Before the New England game, the offense was tied for 24th in the league on third down efficiency and 30th in the league on average yards gained on first down (4.6). The Broncos and Steelers were the only teams in the league with more give-aways than the Jets, who have ten (five fumbles and five interceptions). They didn’t allow any interceptions or fumbles against New England, but they didn’t win either.
Shonn Greene’s game looked improved last week against New England, but that doesn’t change the fact that “Greene up the middle” felt like it was the only running call, or that the running game is struggling. Against the Patriots, the Jets wanted to get back to the ground-and-pound, but Greene just isn’t getting it done up the middle. According to one ESPN article, the running game is averaging just 2.7 yards inside. Of the 57 times the Jets have rushed the ball up the middle, Greene has carried the ball 37 times and gained just six first downs.

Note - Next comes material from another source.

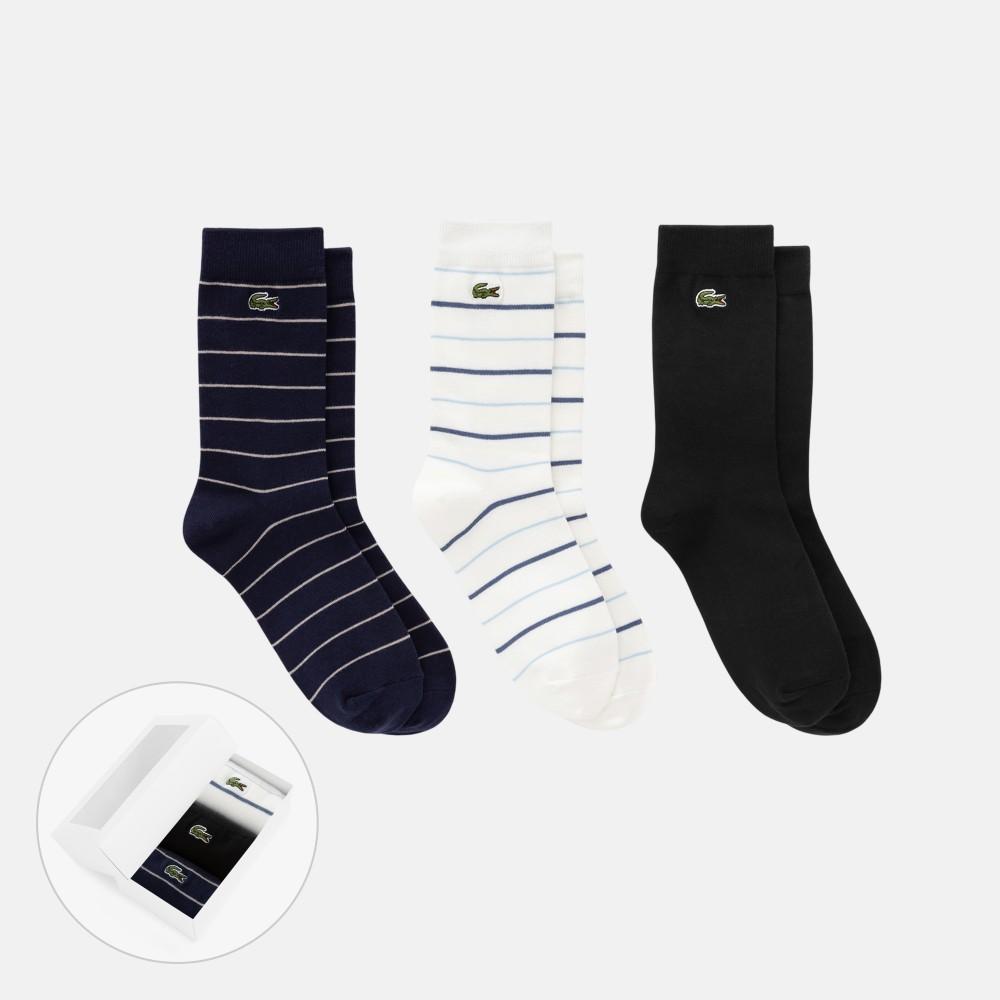 Lacoste Men's Patterned 3-Pack Socks RA139B-56G166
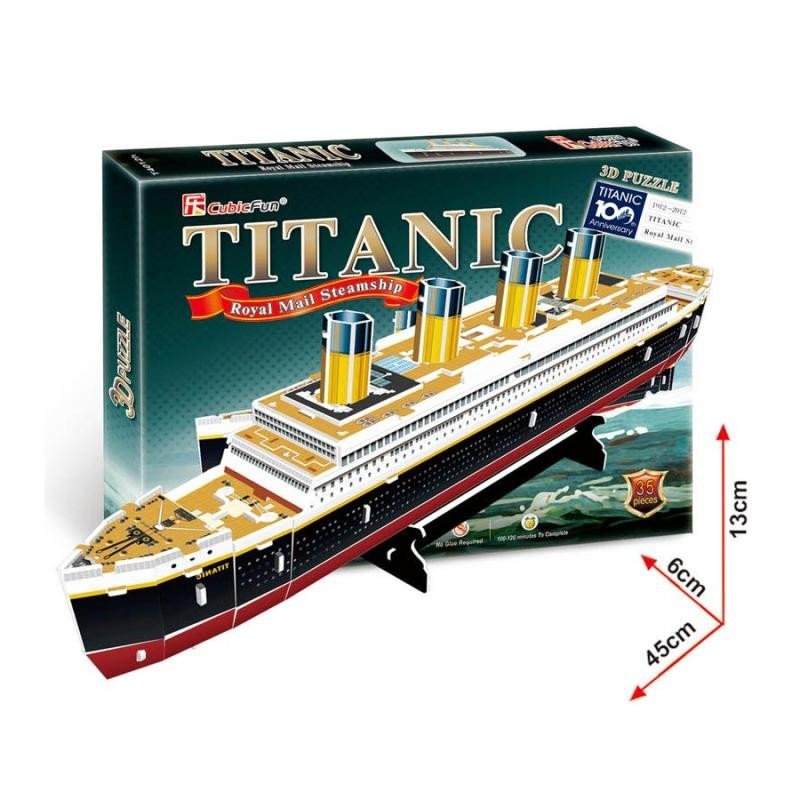 Puzzle 3D Titanic/35 dílků - kolektiv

Just because the offense wasn’t a disaster last week doesn’t change that the Jets run the same plays over and over. It doesn’t change that the Jets had seven three-and-outs against a defense that had forced only six three-and-outs the previous four games of the season and that the Jets had a third down conversion rate of only 27%. It doesn’t change that the Jets had only 255 yards of offense against a defense that allowed 326.6 yards per game.
And even though the Jets wanted to get back to the running game, was that the smartest move against New England’s weak pass defense? Sanchez seems to come into his own in the no-huddle, hurry up offense. How come that wasn’t tried in the fourth quarter last Sunday? We’ve watched the Jets come close a number of times and just run out of clock, down one or two scores. The pace of the offense last Sunday in the fourth was unacceptably slow.
Ryan was supportive of his offensive coach on Monday, saying that he feels “great” about Schottenheimer and “fortunate” to have them on the staff, according to the Newark Star Ledger.
But Jets fans, who have had gripes Schottenheimer for years, are getting vocal again about those gripes with a team that’s under .500. On the Newark Star Ledger article alone, there were a number of comments complaining about Schottenheimer.
thejklecko said, “Rex is sabotaging his own career as a Head Coach by his senseless dedication to the worst Offensive Coordinator in the NFL. The Jets will never win anything with this failure calling plays. They are also destroying their young franchise QB.”
rexybeast said, “I"m not making a comparison to Rex. I love Rex, as a defensive guru. Like him as a motivator. I'm just venting when it comes to Rex. But, I will be done with him if Schott is back next year. I'm already furious Schott is here this year.”
bcs715 said, “I don't like Schottenheimer as an OC. I haven't for years. I wish we had someone else.”
windrider50 said, “Most successful OC's appear to have a basic approach to Offense, and adapt it to the talent on the team's strengths and weaknesses. They also demonstrate, to some degree, an ability to adapt "real time" if the plays in the game plan are not working. Schotts gotta go.”
And those are just a few of the comments on ONE article that's out there in the echo chamber of madness that is the internet.
The word “genius” has been thrown around when referring to Schottenheimer, but the words "average," or even "mediocre," seem more accurate. The Jets haven’t ranked in the top ten league teams in total offensive yards since before Schottenheimer was hired.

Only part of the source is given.